* **EXERCISE DIRECTIONS**:
Pictures appear among the records below and must be omitted. Repeat exactly the lines from the line with "2020-2022 Toyota Chr" to the line with "五龙庙环境整治设计 / 王辉｜都市实践 - 19 的图像 27", both included.

(Pictures with short captions)
++++++++++

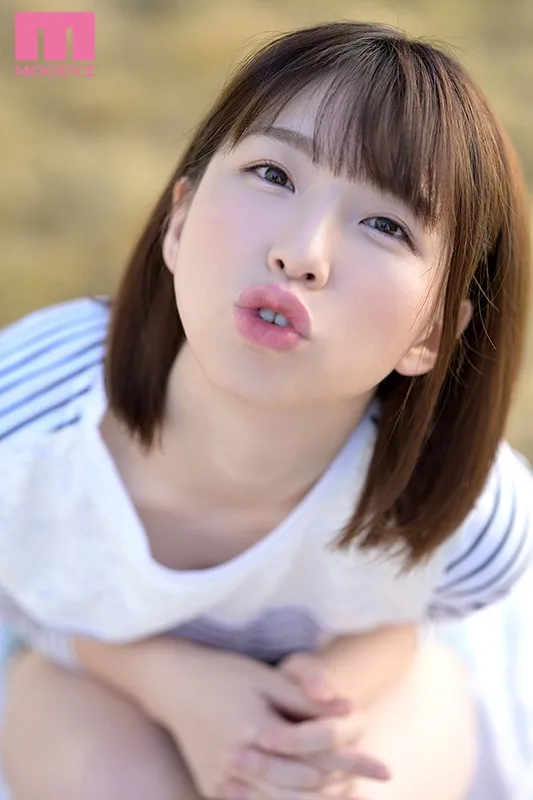 ワタシ、自分のセックス描きたいです!!新人AVDEBUTボーイッシュと可愛いの間 花狩まい 20歳 サンプル2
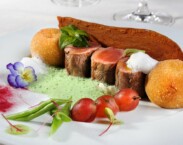 Hotel Praha - Tatranská Lomnica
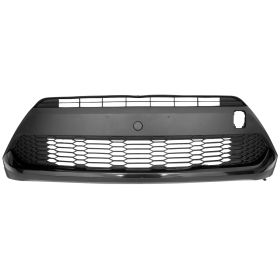 2020-2022 Toyota Chr Front Lower Grille - Best Value - TO1036223OEM #5310210080C0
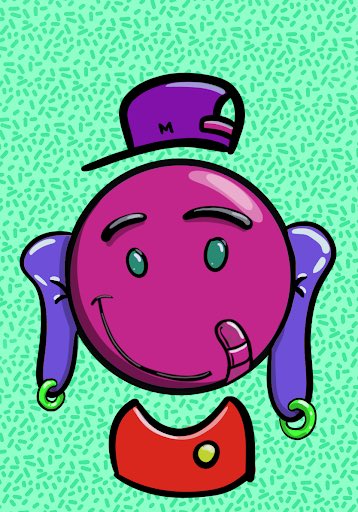realsantopolis's tweet photo. Aquí, getting in the #Moodz #NewNFTProfilePic NFT by TheRaccoonteurs https://t.co/TZs68hspbI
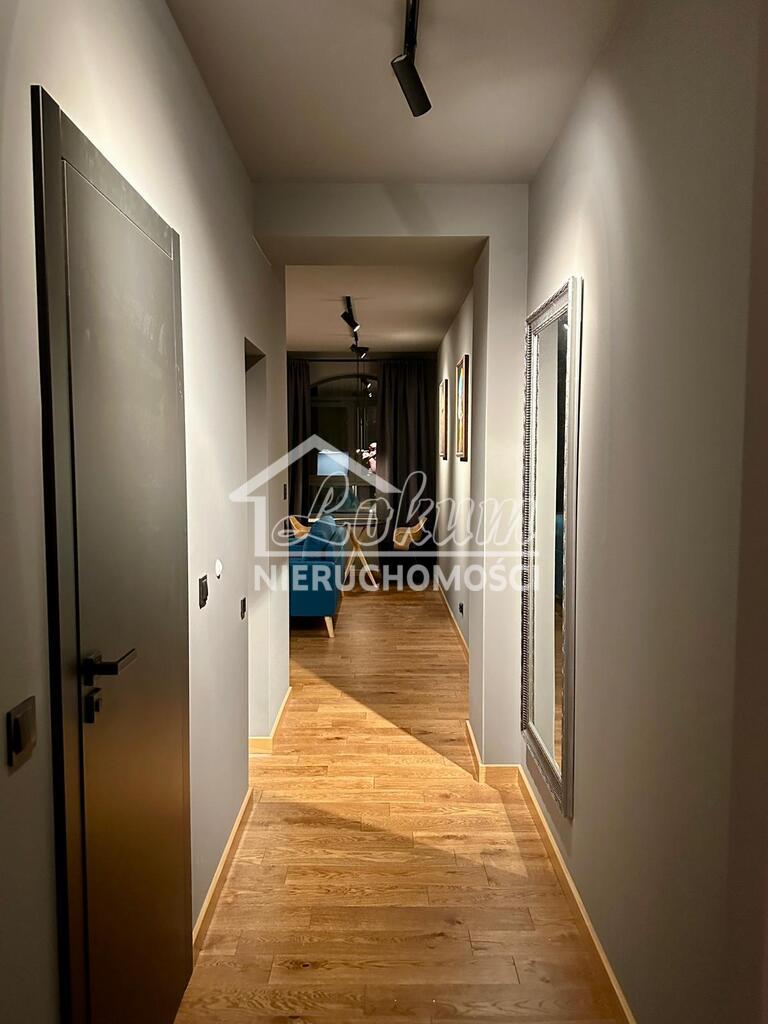 Mieszkanie 41,8 m², Szczecin, Śródmieście, 5 Lipca - zdjęcie 9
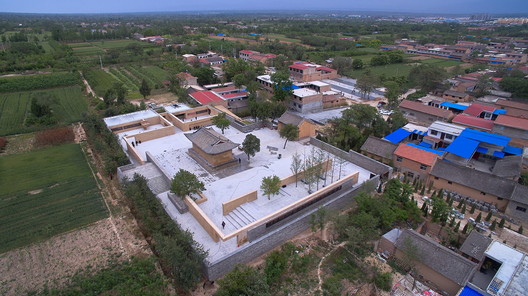 五龙庙环境整治设计 / 王辉｜都市实践 - 19 的图像 27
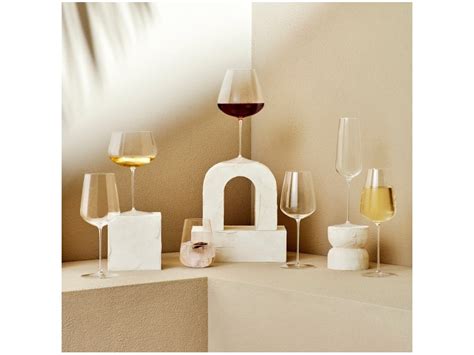 Nude Glass Vertigo Calice Vino Rosso Elegante Grande Cc Acquista Su Ferramenta Vanoli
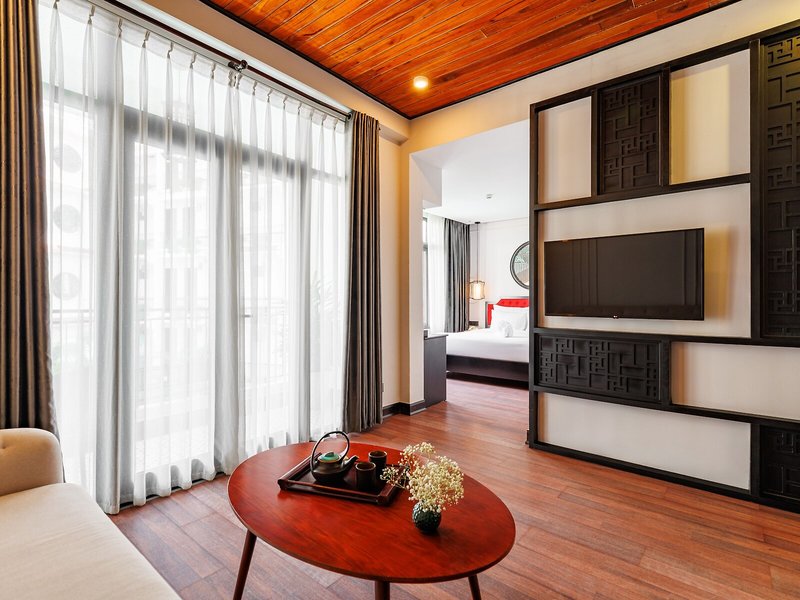 Hadana Boutique Resort HoiAn 38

++++++++++

* **EXERCISE ANSWER**:
 2020-2022 Toyota Chr Front Lower Grille - Best Value - TO1036223OEM #5310210080C0
realsantopolis's tweet photo. Aquí, getting in the #Moodz #NewNFTProfilePic NFT by TheRaccoonteurs https://t.co/TZs68hspbI
 Mieszkanie 41,8 m², Szczecin, Śródmieście, 5 Lipca - zdjęcie 9
 五龙庙环境整治设计 / 王辉｜都市实践 - 19 的图像 27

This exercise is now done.